JavaScriptMVC is broken down into 4 independent sub-projects:
- StealJS - Dependency Management, Code Generators, Production builds, Code cleaning.
- FuncUnit - Web testing framework
- DocumentJS - JS documentation framework
- jQueryMX - jQuery MVC extentions
In the download, these are arranged into the following folders
funcunit
documentjs
jquery
steal
Within each of these folders, are numerous sub-plugins. For example, JavaScriptMVC's controller is found in jquery/controller/controller.js.
JavaScriptMVC encourages you to use a similar folder structure. We organized the todo app at the end of the application like:
funcunit
documentjs
jquery
steal
todo/
todo.js
todo.html
JavaScriptMVC uses StealJS for dependency management and production builds. To use steal, you just have to load the steal script in your page and point it to a script file that loads your other files. For example, putting the following in todo.html loads steal.js and tells it to load todo/todo.js.

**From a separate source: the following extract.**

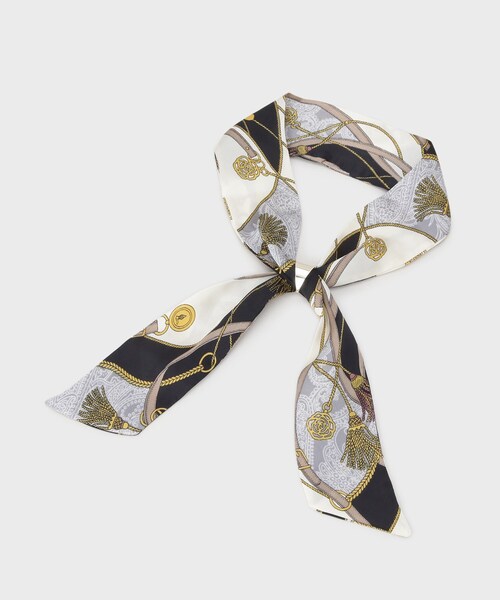 OPAQUE.CLIP（オペークドットクリップ）の「【スカーフリング付き】柄アソートスカーフ（バンダナ/スカーフ・レディース・ブラック/ボルドー/ベージュ/ベージュ系その他4/ピンク系5・00）」の2枚目の写真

<script type='text/javascript'
src='../steal/steal.js?todo/todo.js'>
</script>
The todo.js file can then use steal to load any dependencies it needs. JavaScriptMVC comes with the jQuery library in 'jquery/jquery.js'.

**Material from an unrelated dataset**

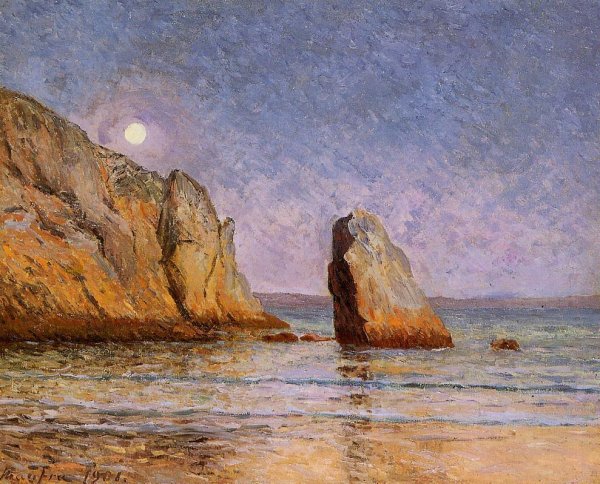Moonrise, Bay of Douarnenez by Maxime Maufra - Hand-Painted Oil Painting Reproduction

The following loads jQuery and uses it to write Todo List:
steal('../jquery/jquery').then(function(){
$(document.body).append("<h1>Todo List</h1>")
})
Because loading from JavaScriptMVC's root folder is extremely common, steal provides a plugins helper method. We can write the above as:
steal.plugins('jquery').then(function(){
$(document.body).append("<h1>Todo List</h1>")
})
Steal can load and build other resource types as well: client side templates, css, LessCSS and CoffeeScript. The following uses an jQuery.tmpl template in todos/views/list.tmpl to write todo list:
steal.plugins('jquery','jquery/view/tmpl')
.views("list.tmpl")
.then(function(){
$(document.body).append("//todo/views/list.tmpl",{message: "Todo List"} )
})
Having lots of files is very slow for page loading times. StealJS makes building your app into a single JS and CSS file very easy. To generate the files, run:
js steal/buildjs todo/todo.html
For our mini todo app, this produces:
todo/production.js
To use production.js, we just have to load the production version of steal. We do this by changing our steal script tag to:
<script type='text/javascript'
src='../steal/steal.js?todo/todo.js'>
</script>
JavaScriptMVC's
- static methods and properties
- introspection
- namespaces
- callback creation
Creating a $.Class and extending it with a new class is straightforward:
$.Class("Animal",{
breath : function(){
console.log('breath');
}
});
Animal("Dog",{
wag : function(){
console.log('wag');
}
})
var dog = new Dog;
dog.wag();
dog.breath();
When a new $.Class is created, it calls the class's init method with the arguments passed to the constructor function:
$.Class('Person',{
init : function(name, age){
this.name = name;
this.age = age;
},
speak : function(){
return "I am "+this.name+".";
}
});
var justin = new Person("Justin",28);
justin.speak(); //-> 'I am Justin.'
$.Class lets you call base functions with this._super. Lets make a 'classier' person:
Person("ClassyPerson", {
speak : function(){
return "Salutations, "+this._super();
}
});
var fancypants = new ClassyPerson("Mr. Fancy",42);
fancypants.speak(); //-> 'Salutations, I am Mr. Fancy.'
Class provides a callback method that can be used to return a function that has 'this' set appropriately (similar to proxy):
$.Class("Clicky",{
init : function(){
this.clickCount = 0;
},
wasClicked : function(){
this.clickCount++;
},
addListeners : function(el){
el.click(this.callback('wasClicked');
}
})
Callback also lets you curry arguments and chain methods together.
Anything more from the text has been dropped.